Posted by Tish Toren on January 15, 2016 at 7:00 PM


Don’t despair! Your pup sounds like a good boy who just needs more guidance. A three- or four- month-old pup is still very much a baby. He has a baby’s short memory and a baby’s difficulty with impulse control. English Shepherds generally have moderate-to-strong herding drive. In a young pup what often happens is his instinct to follow along behind and control the livestock or desire to play with them escalates to a hunt/chase stage. Because birds are fragile, injuries and even casualties can result. This is why it’s so important to keep a young pup under “surveillance” or on a long line during early exposure to poultry. Even though English Shepherds CAN learn not to bother, even to protect free-range fowl, they aren’t born knowing your rules or thinking of chickens as pack or littermates.
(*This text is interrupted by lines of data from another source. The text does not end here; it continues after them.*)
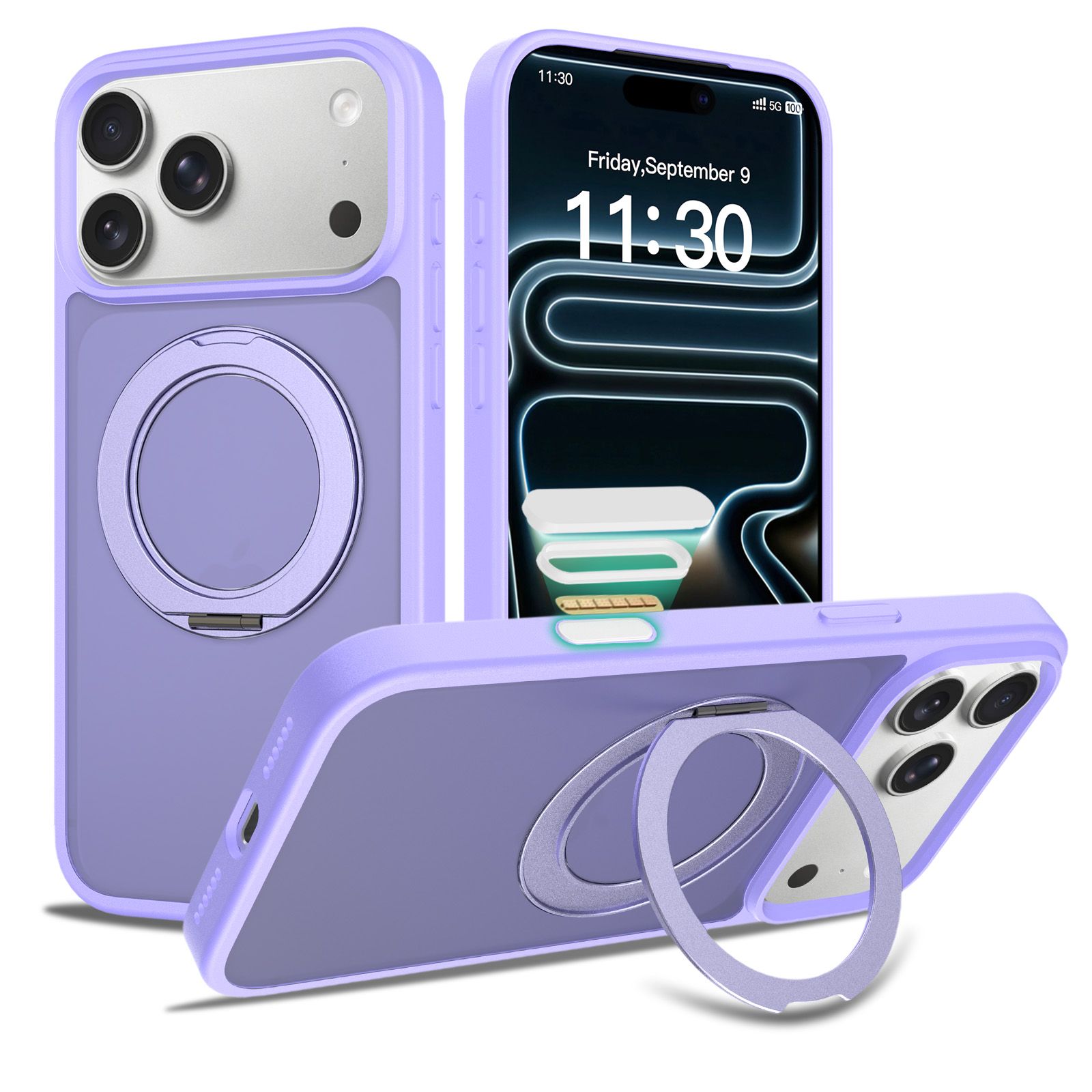 Pulse Translucent Matte Skin Feeling Case with Camera Action Button — 506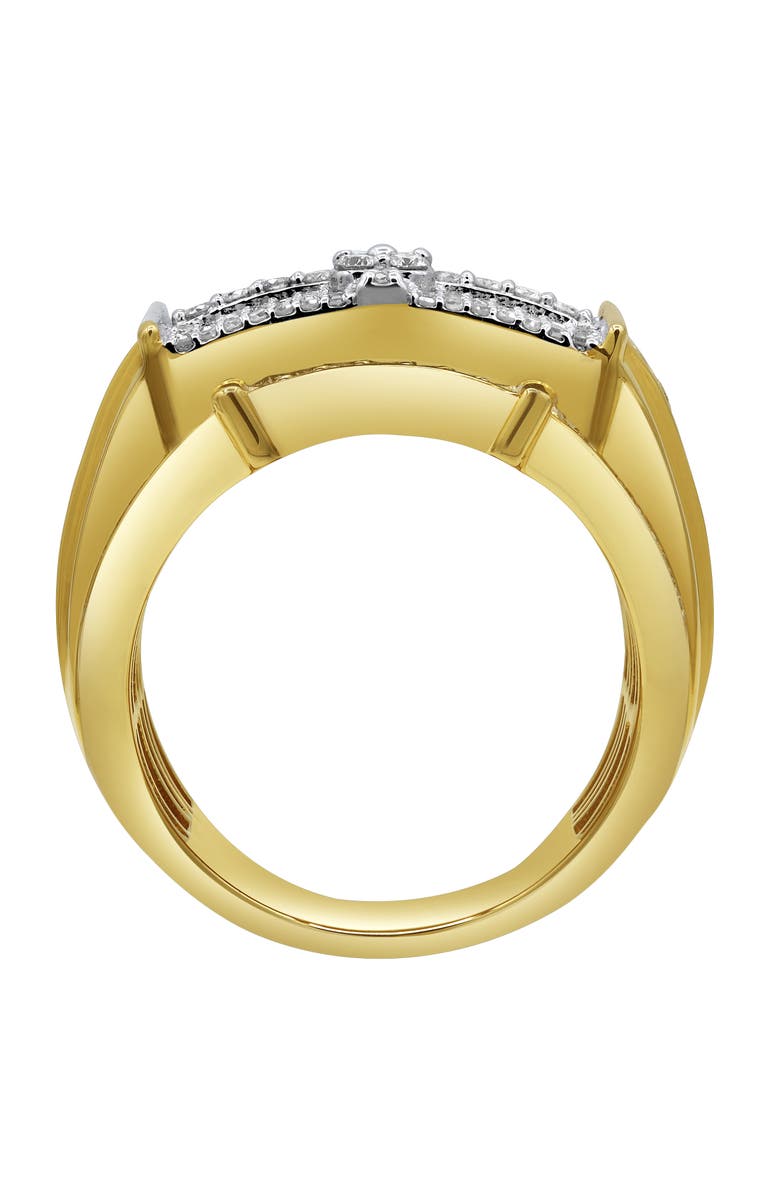 LuvMyJewelry Banner of Bling 14K Yellow Gold Diamond Men Statement Ring - 1.24ct., Alternate, color, 14K Yellow Gold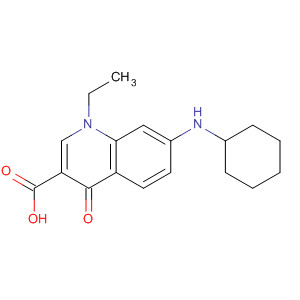 836620-25-8  3-Quinolinecarboxylic acid,7-(cyclohexylamino)-1-ethyl-1,4-dihydro-4-oxo-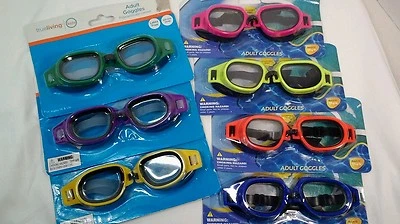 DOLGEN Adult Swim Goggles Choice of Pink, Orange, Yellow, Blue, Red New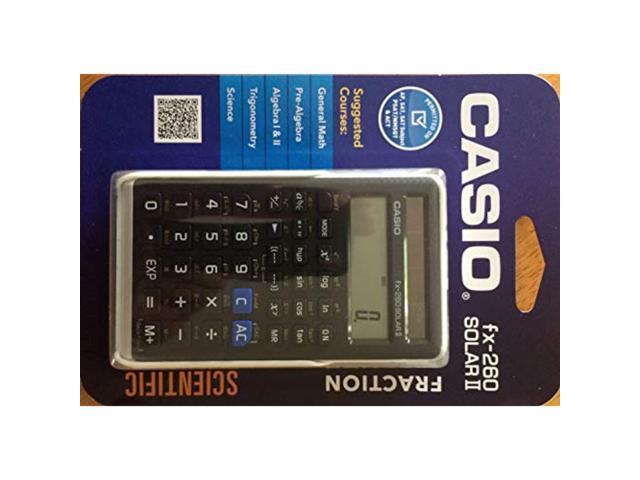 Fx 260 Solar Ii Scientific Calculator 5 X 0 6 X 2 9 Newegg Com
It’s a behavior that tends to develop with maturity and as a result of calm, consistent training. It’s always best if they never get the chance to kill something, but they are certainly not permanently ruined by it, and most certainly not as young as your pup is.

 

 

We’ve lived with working ES long enough we’ve been through all the various stages of chicken desensitization and relative trust. We’ve even had a few birds slobbered to death or close to it. With time and work, we’ve gotten to where, not only can we trust any or all of our dogs loose while the birds are ranging, they will actively watch over and protect them from predators if necessary.

 

 

Your pup is a smart boy. Most English Shepherds are, and this can give the impression that he has more maturity and resolve than he really does. The problem you are having is a very common one. It’s easy to look at his brilliance in other areas and think he’ll catch on as quickly to everything you try to teach him. Unfortunately, this is not always the case. I assume your pup’s breeder does not have livestock, or at least does not have free-range poultry, or I’m sure he would have instructed you on how to safely introduce him to your flock. Chickens are the most tempting of all livestock for dogs to deal with (even dogs as biddable and smart as English Shepherds). Chickens move in a jerky, silly way, they are small, look and smell very different from pup’s other friends and family (like prey or even toys rather than pack). They run and squawk in an exciting, enticing way. It can take an otherwise average English Shepherd pup close to a year to be completely impervious to the temptations of chicken chasing. Some will learn quicker, others will take even longer. Much depends upon how much time you spend with your puppy. If he is allowed to follow you around all day, constantly receiving feedback and having his behavior shaped he will reach milestones long before a pup who spends most of the week in a yard or crate while you’re away.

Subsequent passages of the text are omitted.